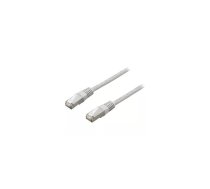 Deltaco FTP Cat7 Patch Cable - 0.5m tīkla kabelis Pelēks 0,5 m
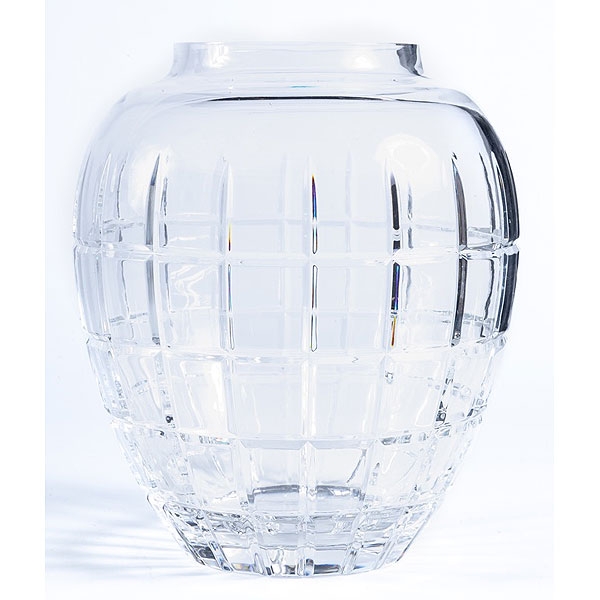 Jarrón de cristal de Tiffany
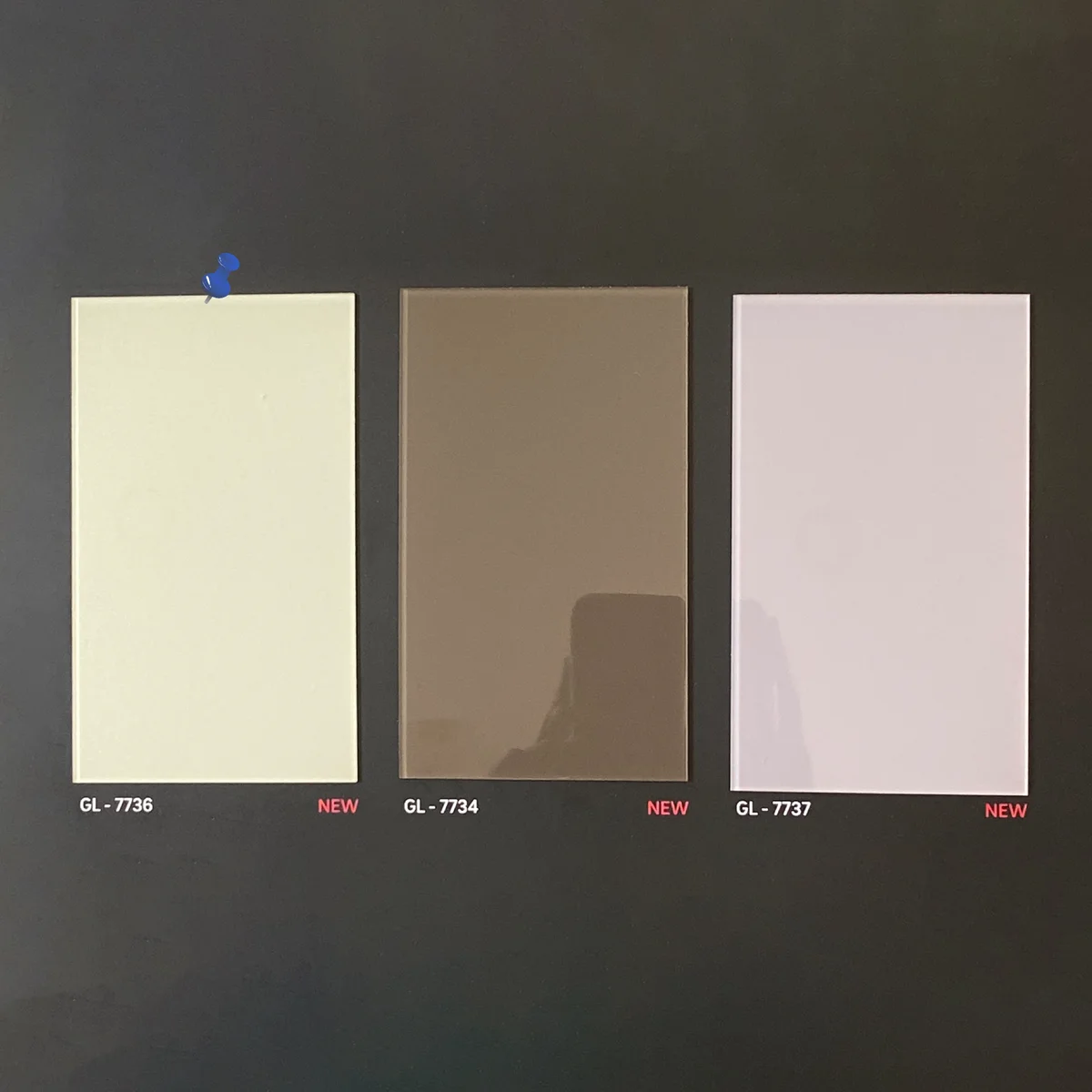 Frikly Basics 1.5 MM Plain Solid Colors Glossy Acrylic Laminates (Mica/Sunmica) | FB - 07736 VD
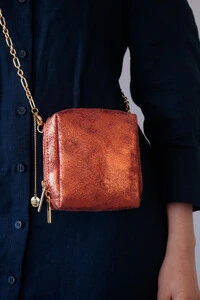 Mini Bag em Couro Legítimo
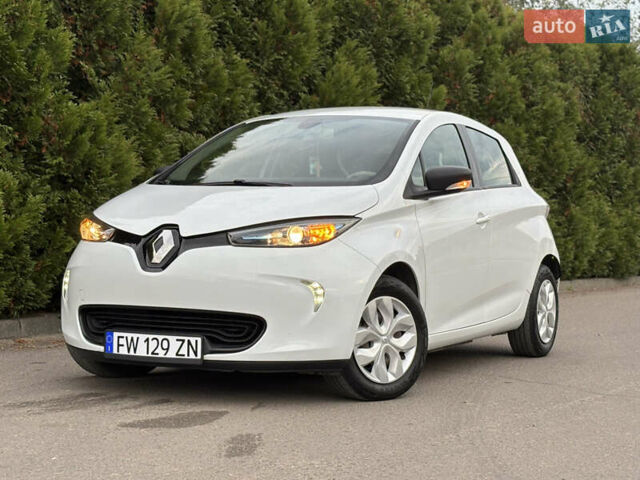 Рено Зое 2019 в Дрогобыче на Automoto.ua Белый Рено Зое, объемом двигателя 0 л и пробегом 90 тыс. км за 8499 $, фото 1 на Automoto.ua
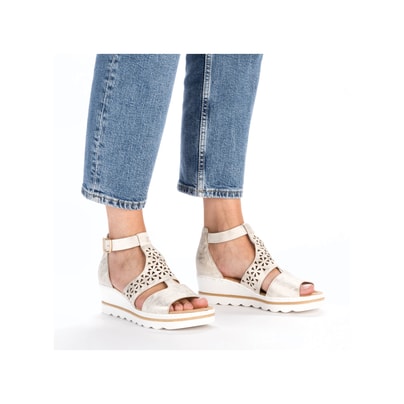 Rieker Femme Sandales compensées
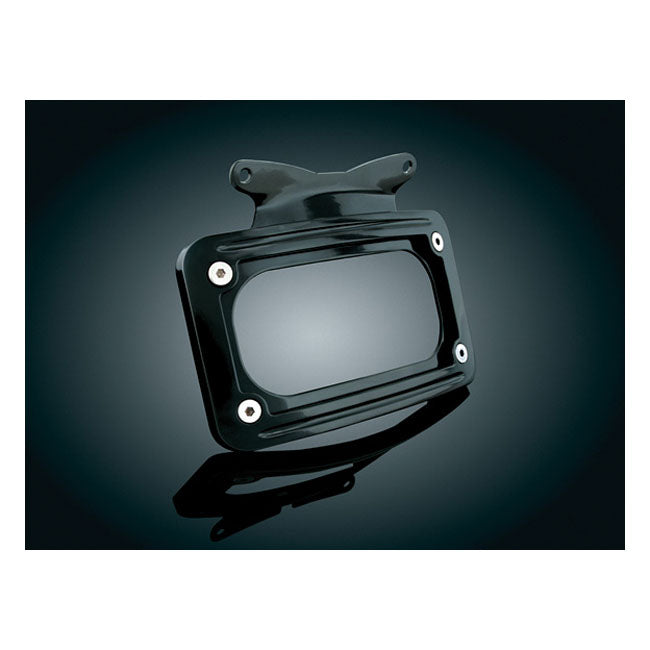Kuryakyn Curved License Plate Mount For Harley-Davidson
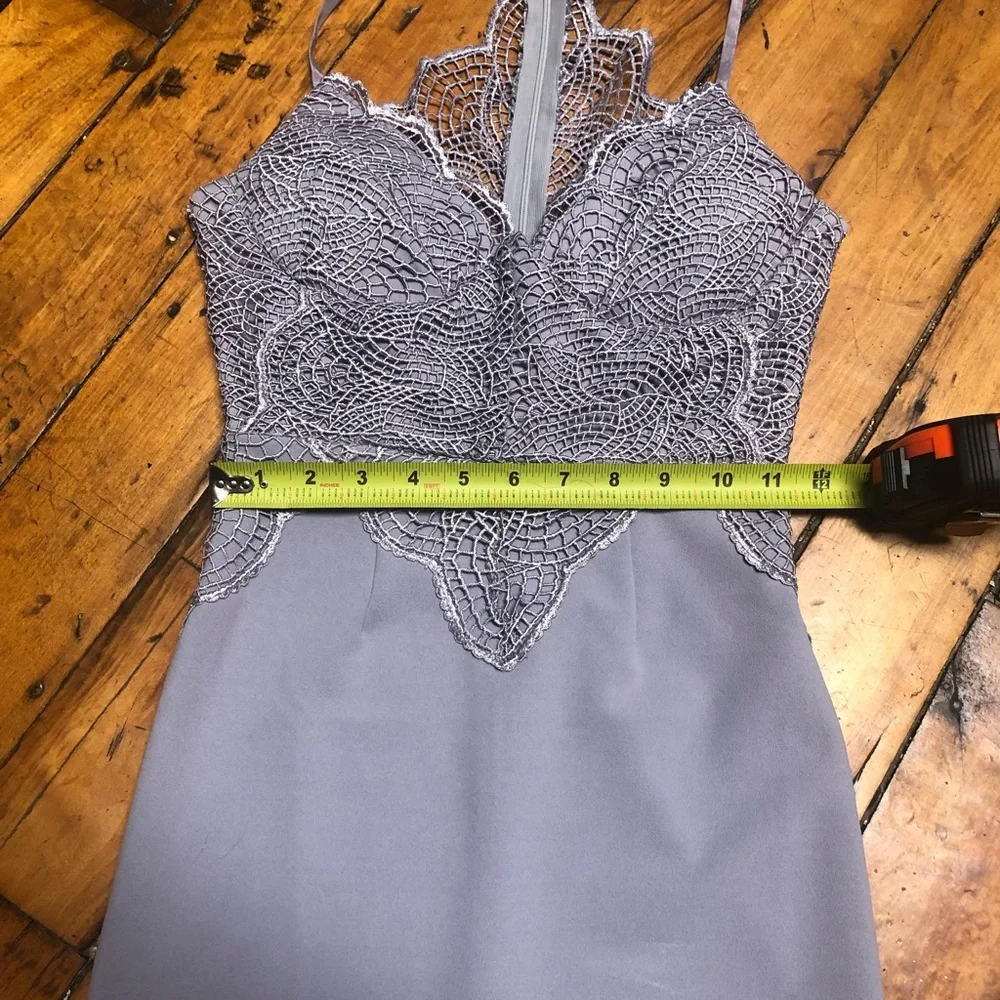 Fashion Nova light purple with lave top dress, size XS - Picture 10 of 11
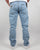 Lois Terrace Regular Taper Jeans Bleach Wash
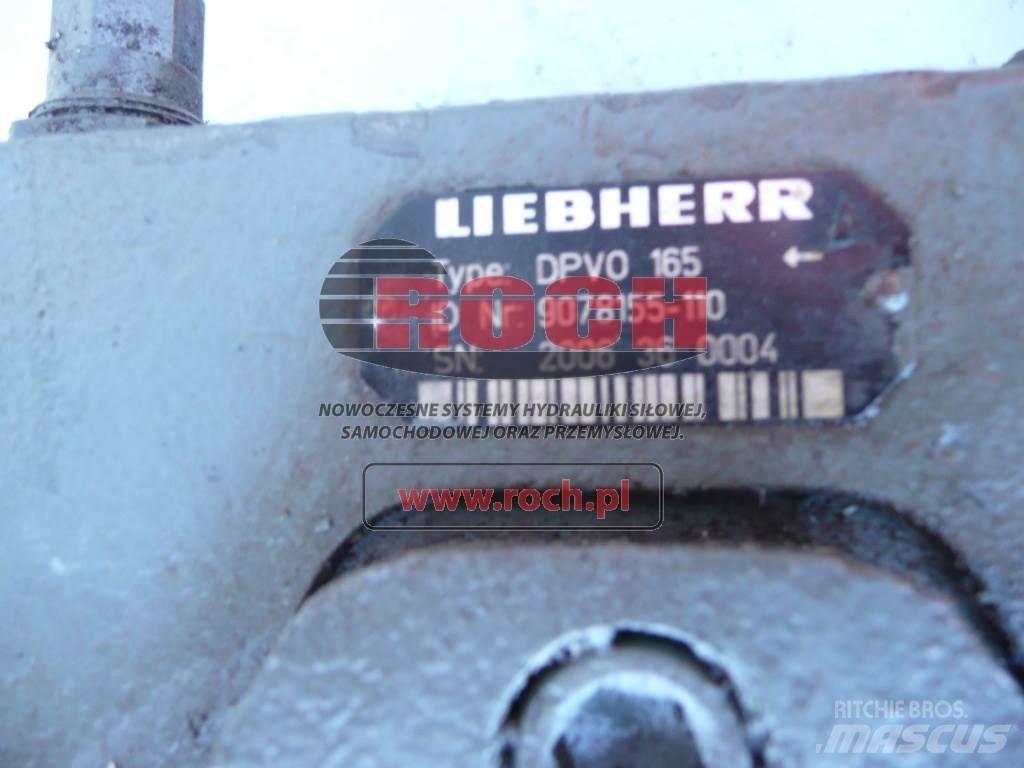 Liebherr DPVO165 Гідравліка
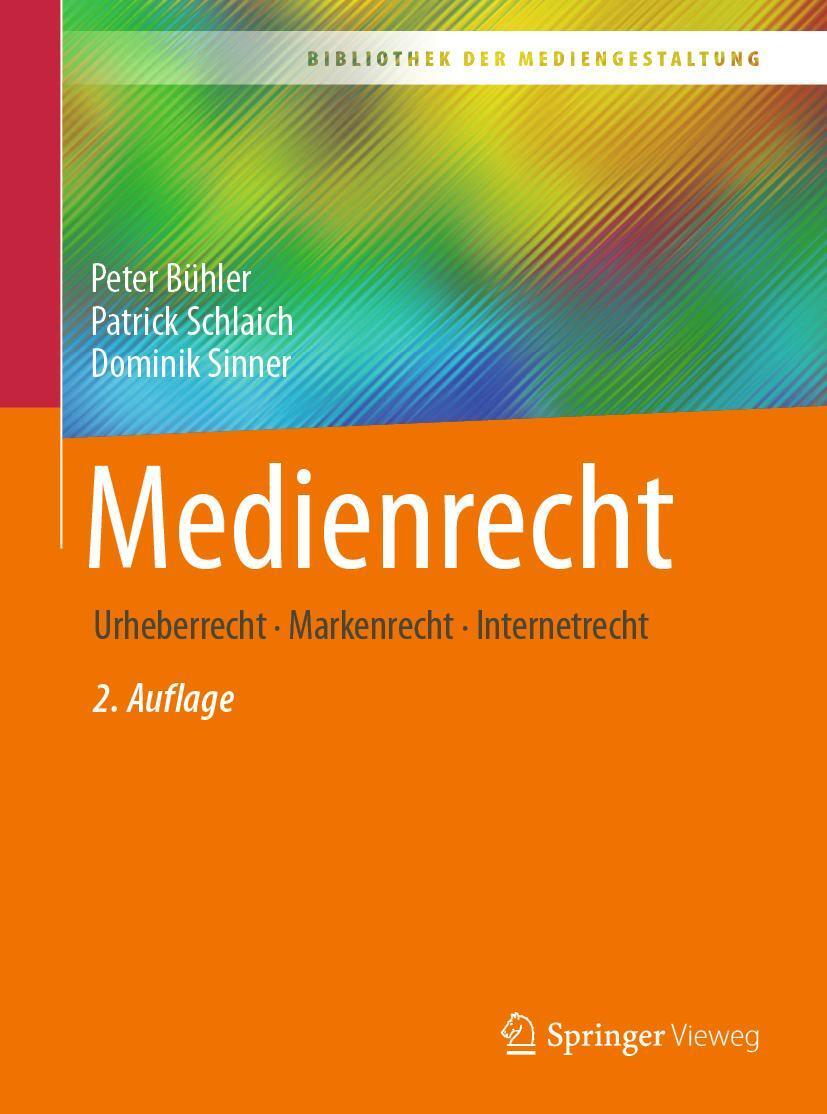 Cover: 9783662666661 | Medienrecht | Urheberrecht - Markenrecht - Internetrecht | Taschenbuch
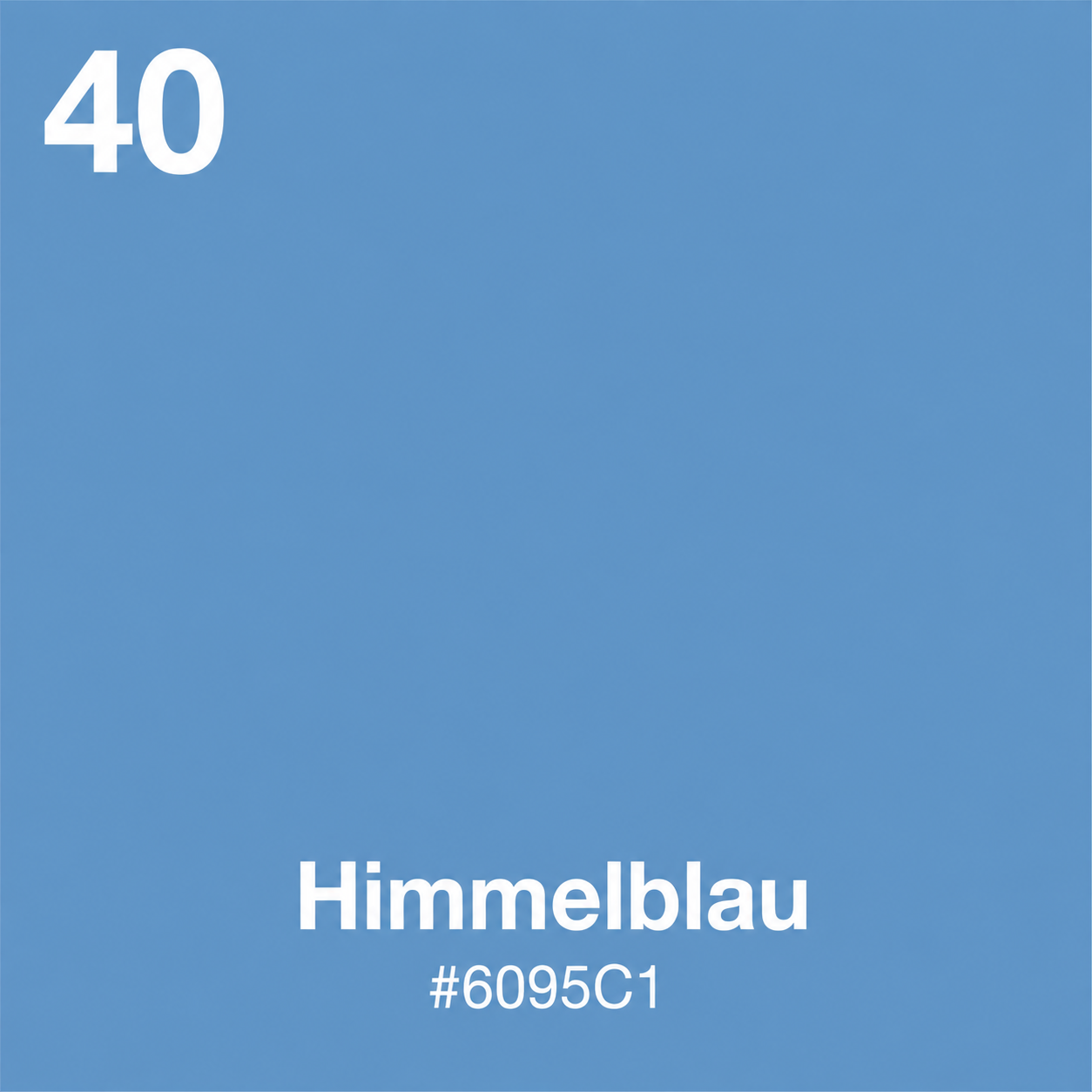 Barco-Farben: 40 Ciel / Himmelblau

**The task**
Up to and including the line containing "Lois Terrace Regular Taper Jeans Bleach Wash", quote each line of the entries above from the very first, please, exactly and without images.

**Answer for the task**
 Deltaco FTP Cat7 Patch Cable - 0.5m tīkla kabelis Pelēks 0,5 m
 Jarrón de cristal de Tiffany
 Frikly Basics 1.5 MM Plain Solid Colors Glossy Acrylic Laminates (Mica/Sunmica) | FB - 07736 VD
 Mini Bag em Couro Legítimo
 Рено Зое 2019 в Дрогобыче на Automoto.ua Белый Рено Зое, объемом двигателя 0 л и пробегом 90 тыс. км за 8499 $, фото 1 на Automoto.ua
 Rieker Femme Sandales compensées
Kuryakyn Curved License Plate Mount For Harley-Davidson
 Fashion Nova light purple with lave top dress, size XS - Picture 10 of 11
 Lois Terrace Regular Taper Jeans Bleach Wash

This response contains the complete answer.